▶ _Listed records_:

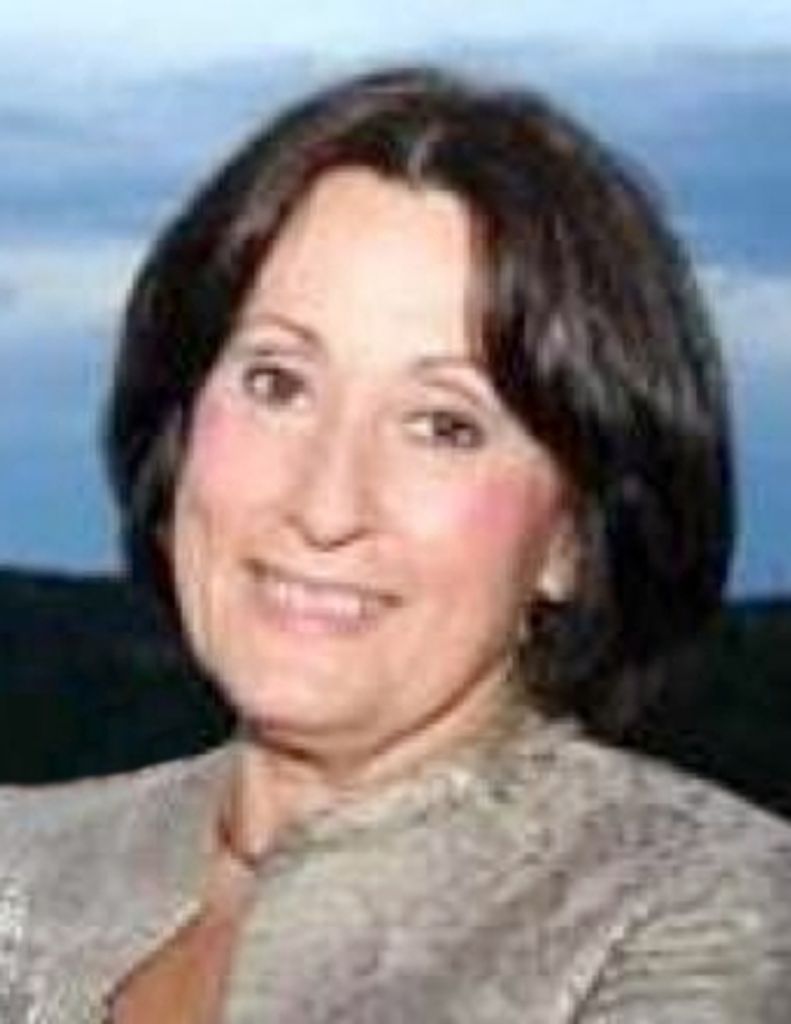 Janet A. Kalasinski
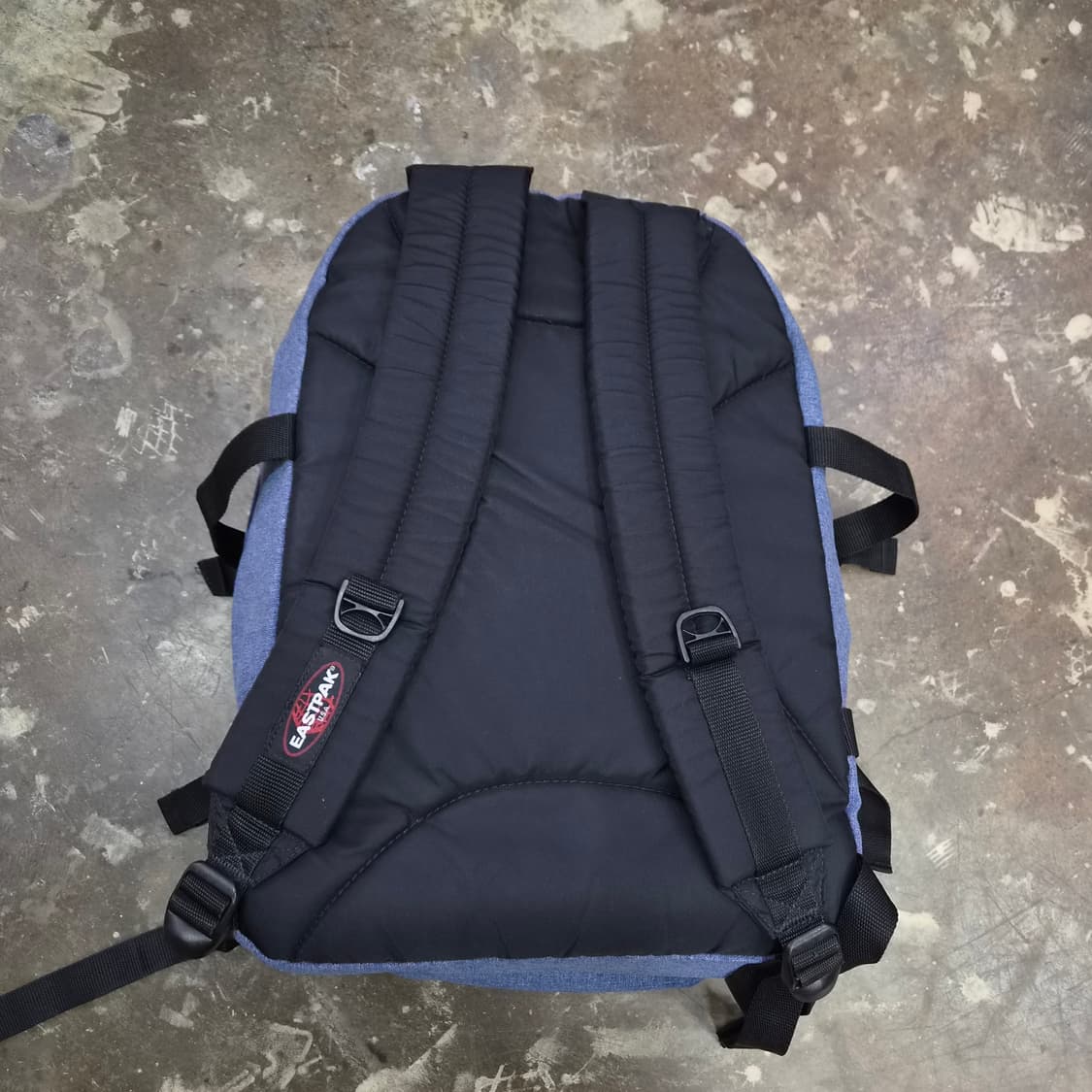 이스트팩 백팩 가방 책가방 상품이미지4
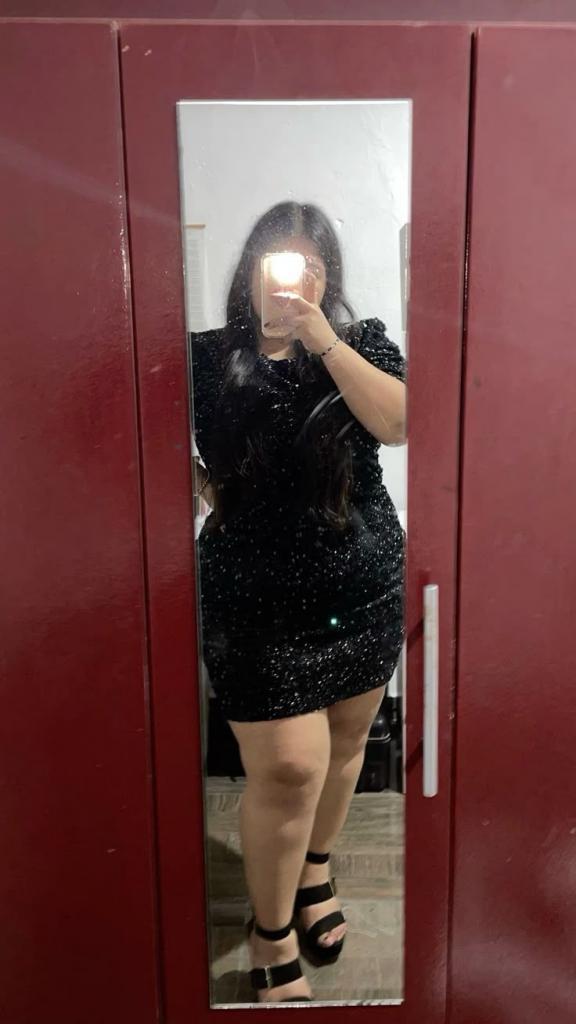 656252962: Chica busca chico en Alicante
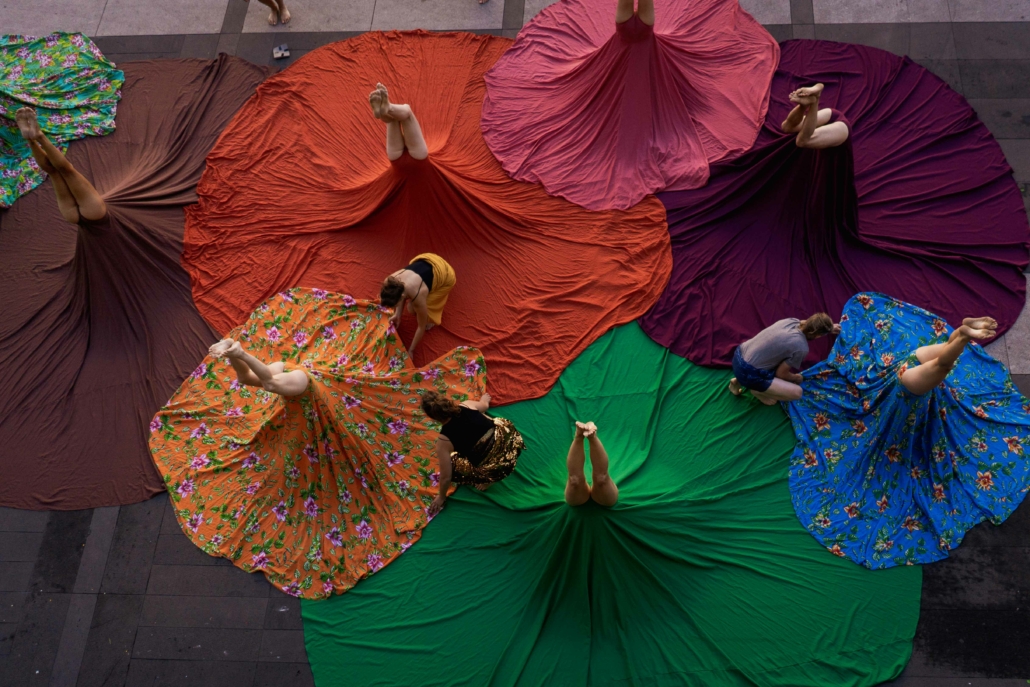 -Festival d'Aurillac 2025 - Best of © Marielle Rossignol-38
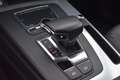 Audi Q5 35TDi Quattro S-line* Leder* PDC* Trekhaak Gris - thumbnail 16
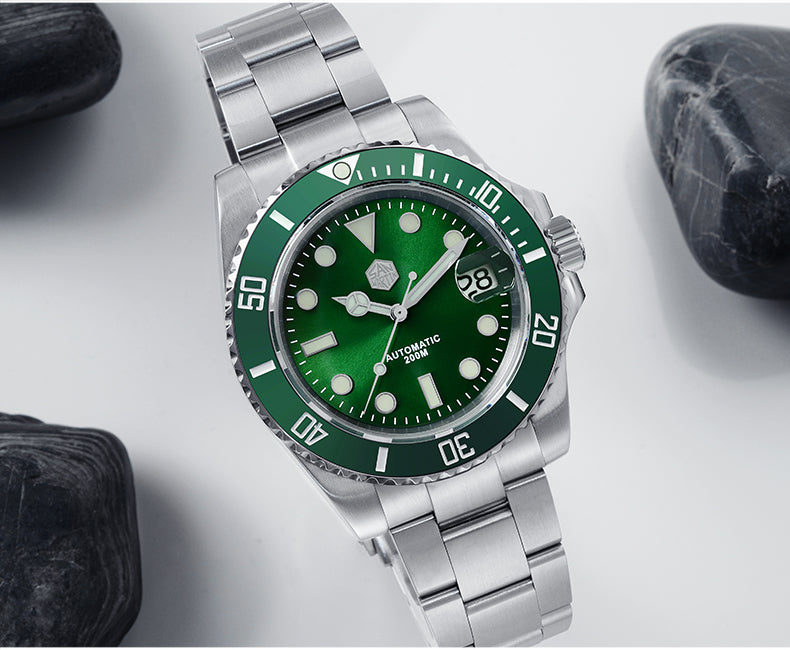san-martin-submariner-automatic-watch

▶ _Assignment_:
Leaving all pictures aside, print exactly the lines from the one that contains "-Festival d'Aurillac 2025" through the last line of the data above, inclusive.

▶ _Exercise answer_:
 -Festival d'Aurillac 2025 - Best of © Marielle Rossignol-38
 Audi Q5 35TDi Quattro S-line* Leder* PDC* Trekhaak Gris - thumbnail 16
san-martin-submariner-automatic-watch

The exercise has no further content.